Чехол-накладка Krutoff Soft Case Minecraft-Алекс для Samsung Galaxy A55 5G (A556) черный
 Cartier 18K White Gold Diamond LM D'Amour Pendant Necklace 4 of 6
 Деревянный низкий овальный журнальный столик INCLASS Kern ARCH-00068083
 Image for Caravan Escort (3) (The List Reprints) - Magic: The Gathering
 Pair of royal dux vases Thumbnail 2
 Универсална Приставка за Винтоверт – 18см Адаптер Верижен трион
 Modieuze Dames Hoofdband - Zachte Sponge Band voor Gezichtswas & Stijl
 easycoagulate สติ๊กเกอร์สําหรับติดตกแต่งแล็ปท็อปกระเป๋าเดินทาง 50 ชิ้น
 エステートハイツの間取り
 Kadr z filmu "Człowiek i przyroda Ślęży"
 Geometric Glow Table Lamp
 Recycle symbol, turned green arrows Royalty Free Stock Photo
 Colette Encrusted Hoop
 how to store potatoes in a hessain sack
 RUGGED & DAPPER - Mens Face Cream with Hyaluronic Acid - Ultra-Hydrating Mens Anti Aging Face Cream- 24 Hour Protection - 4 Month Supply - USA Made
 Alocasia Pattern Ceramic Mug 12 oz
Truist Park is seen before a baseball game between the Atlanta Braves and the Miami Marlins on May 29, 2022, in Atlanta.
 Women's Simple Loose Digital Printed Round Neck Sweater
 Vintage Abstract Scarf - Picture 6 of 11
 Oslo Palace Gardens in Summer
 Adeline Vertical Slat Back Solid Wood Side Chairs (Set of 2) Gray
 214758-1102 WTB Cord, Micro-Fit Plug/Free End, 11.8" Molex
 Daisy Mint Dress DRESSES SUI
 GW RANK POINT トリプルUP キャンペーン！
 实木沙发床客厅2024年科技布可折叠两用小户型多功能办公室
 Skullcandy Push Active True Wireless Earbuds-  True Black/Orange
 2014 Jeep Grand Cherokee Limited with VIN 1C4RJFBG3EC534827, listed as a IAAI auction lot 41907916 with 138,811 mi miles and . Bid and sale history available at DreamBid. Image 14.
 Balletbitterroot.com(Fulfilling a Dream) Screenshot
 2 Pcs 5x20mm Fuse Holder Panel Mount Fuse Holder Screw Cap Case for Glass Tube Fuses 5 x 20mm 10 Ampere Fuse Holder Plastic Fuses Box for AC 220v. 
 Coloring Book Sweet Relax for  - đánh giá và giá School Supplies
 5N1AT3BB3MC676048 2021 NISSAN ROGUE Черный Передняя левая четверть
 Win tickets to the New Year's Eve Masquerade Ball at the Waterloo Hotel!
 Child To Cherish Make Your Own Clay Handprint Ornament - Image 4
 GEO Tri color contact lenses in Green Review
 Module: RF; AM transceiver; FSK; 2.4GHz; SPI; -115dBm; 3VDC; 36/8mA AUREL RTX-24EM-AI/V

◆ ◆ ◆

WHAT YOU ARE ASKED TO DO.
Reproduce every line of the entries above, unchanged, from the very first one down to and including the line containing "2 Pcs 5x20mm".

SOLVED EXERCISE.
Чехол-накладка Krutoff Soft Case Minecraft-Алекс для Samsung Galaxy A55 5G (A556) черный
 Cartier 18K White Gold Diamond LM D'Amour Pendant Necklace 4 of 6
 Деревянный низкий овальный журнальный столик INCLASS Kern ARCH-00068083
 Image for Caravan Escort (3) (The List Reprints) - Magic: The Gathering
 Pair of royal dux vases Thumbnail 2
 Универсална Приставка за Винтоверт – 18см Адаптер Верижен трион
 Modieuze Dames Hoofdband - Zachte Sponge Band voor Gezichtswas & Stijl
 easycoagulate สติ๊กเกอร์สําหรับติดตกแต่งแล็ปท็อปกระเป๋าเดินทาง 50 ชิ้น
 エステートハイツの間取り
 Kadr z filmu "Człowiek i przyroda Ślęży"
 Geometric Glow Table Lamp
 Recycle symbol, turned green arrows Royalty Free Stock Photo
 Colette Encrusted Hoop
 how to store potatoes in a hessain sack
 RUGGED & DAPPER - Mens Face Cream with Hyaluronic Acid - Ultra-Hydrating Mens Anti Aging Face Cream- 24 Hour Protection - 4 Month Supply - USA Made
 Alocasia Pattern Ceramic Mug 12 oz
Truist Park is seen before a baseball game between the Atlanta Braves and the Miami Marlins on May 29, 2022, in Atlanta.
 Women's Simple Loose Digital Printed Round Neck Sweater
 Vintage Abstract Scarf - Picture 6 of 11
 Oslo Palace Gardens in Summer
 Adeline Vertical Slat Back Solid Wood Side Chairs (Set of 2) Gray
 214758-1102 WTB Cord, Micro-Fit Plug/Free End, 11.8" Molex
 Daisy Mint Dress DRESSES SUI
 GW RANK POINT トリプルUP キャンペーン！
 实木沙发床客厅2024年科技布可折叠两用小户型多功能办公室
 Skullcandy Push Active True Wireless Earbuds-  True Black/Orange
 2014 Jeep Grand Cherokee Limited with VIN 1C4RJFBG3EC534827, listed as a IAAI auction lot 41907916 with 138,811 mi miles and . Bid and sale history available at DreamBid. Image 14.
 Balletbitterroot.com(Fulfilling a Dream) Screenshot
 2 Pcs 5x20mm Fuse Holder Panel Mount Fuse Holder Screw Cap Case for Glass Tube Fuses 5 x 20mm 10 Ampere Fuse Holder Plastic Fuses Box for AC 220v. 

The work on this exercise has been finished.